● EXERCISE INPUTS
○ ○ ○ ○

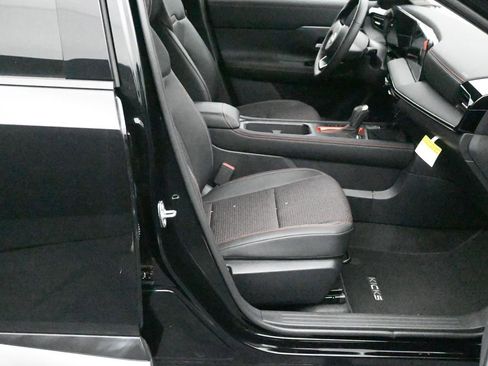 New 2025 Nissan Kicks SR image 10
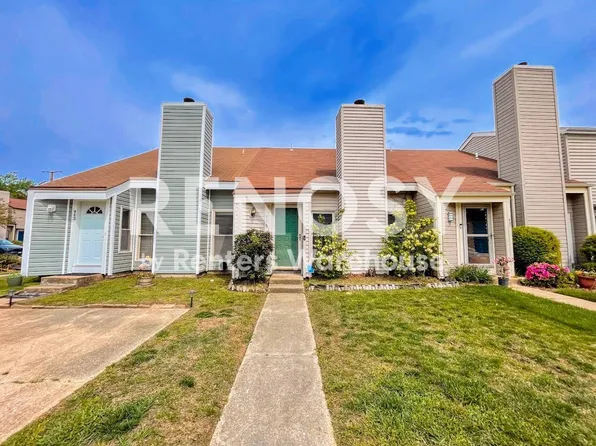 445 Falling Ln, Virginia Beach, VA 23454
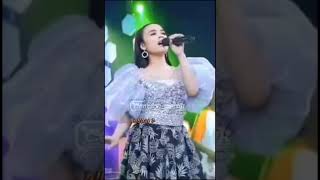 Download lagu MENUNGGU tasya rosmala STORY WA mp3
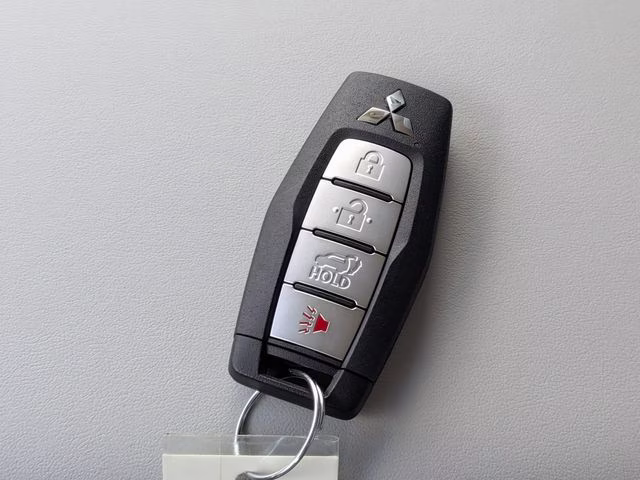 2026 White Diamond Mitsubishi Outlander SE FWD SUV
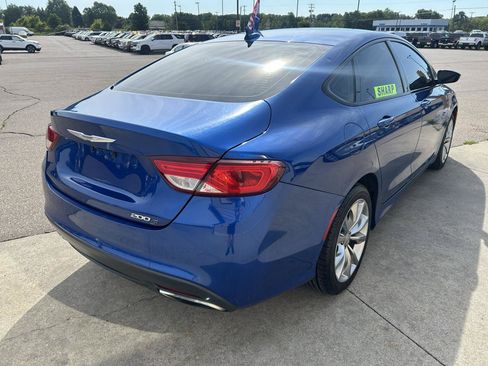 Used 2015 Chrysler 200 S w/ Navigation & Sound Group I FWD image 5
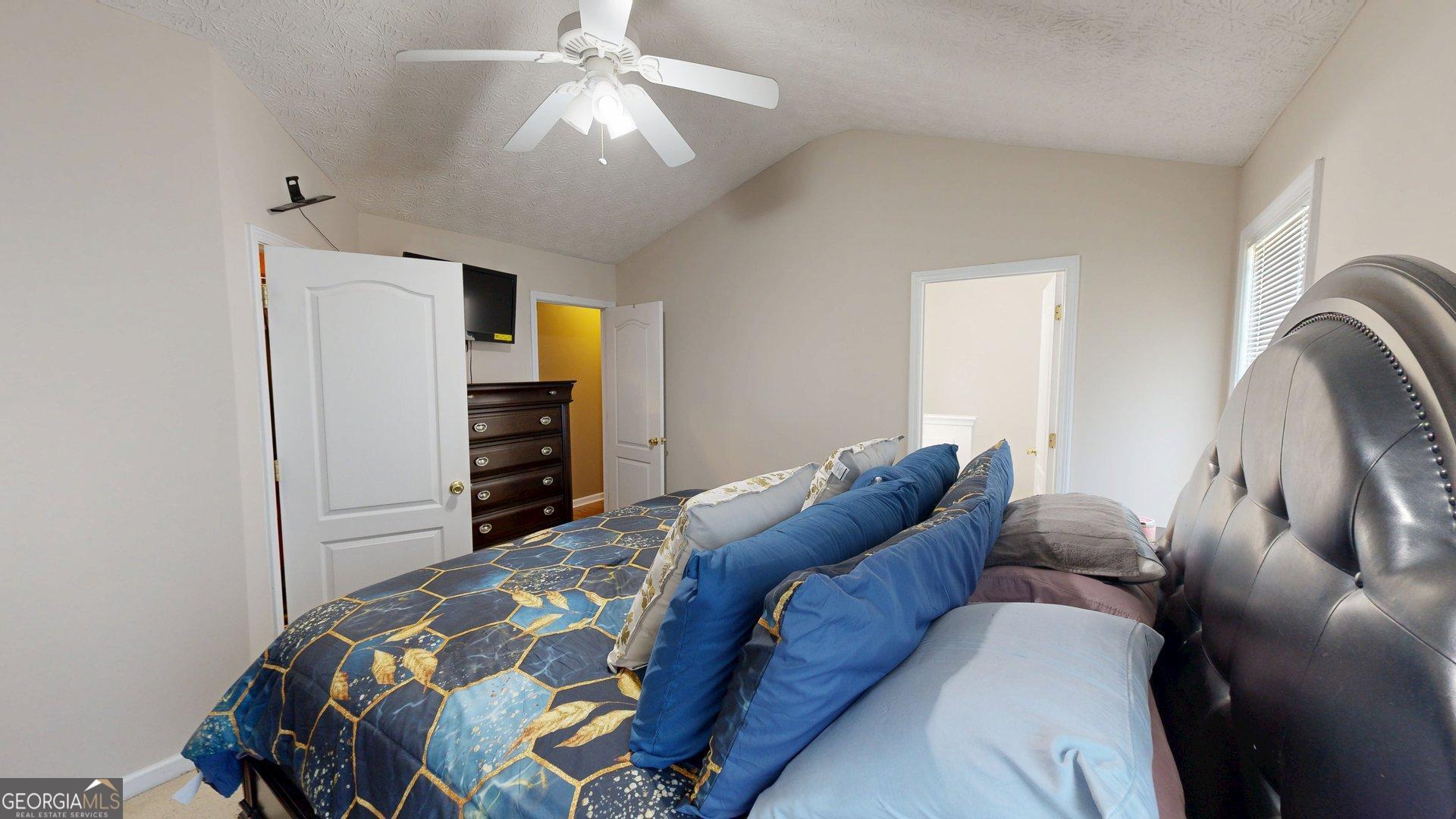 100 Hawthorn Drive Property Photo 18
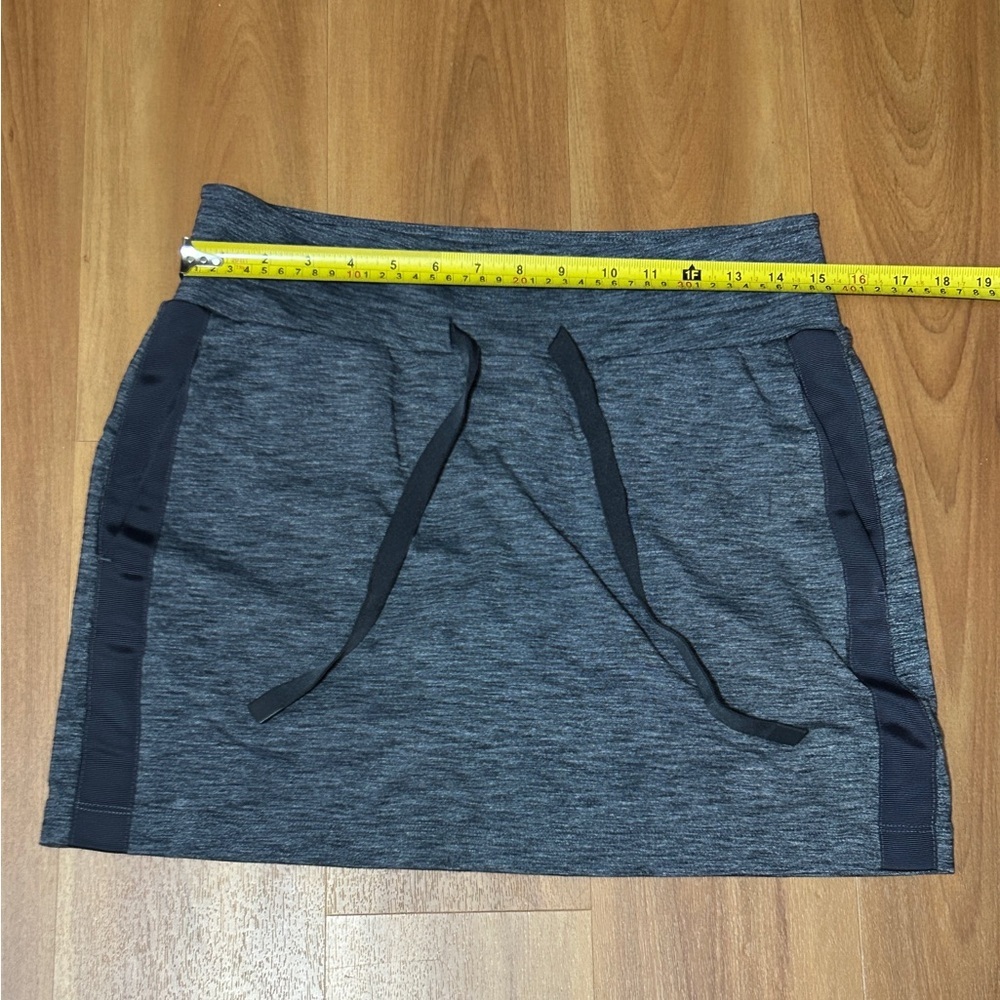 Athleta Skort Skirt Active Wear Golf Tennis Prep Gray W/Black Trim Heather SizeS - Picture 4 of 11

○ ○ ○ ○

● TASK PROMPT
With the pictures omitted, print precisely the lines from the one with "445 Falling Ln, Virginia Beach, VA 23454" to the final line of the records, both included.

● SOLUTION FOR THIS PROBLEM
 445 Falling Ln, Virginia Beach, VA 23454
 Download lagu MENUNGGU tasya rosmala STORY WA mp3
 2026 White Diamond Mitsubishi Outlander SE FWD SUV
 Used 2015 Chrysler 200 S w/ Navigation & Sound Group I FWD image 5
 100 Hawthorn Drive Property Photo 18
 Athleta Skort Skirt Active Wear Golf Tennis Prep Gray W/Black Trim Heather SizeS - Picture 4 of 11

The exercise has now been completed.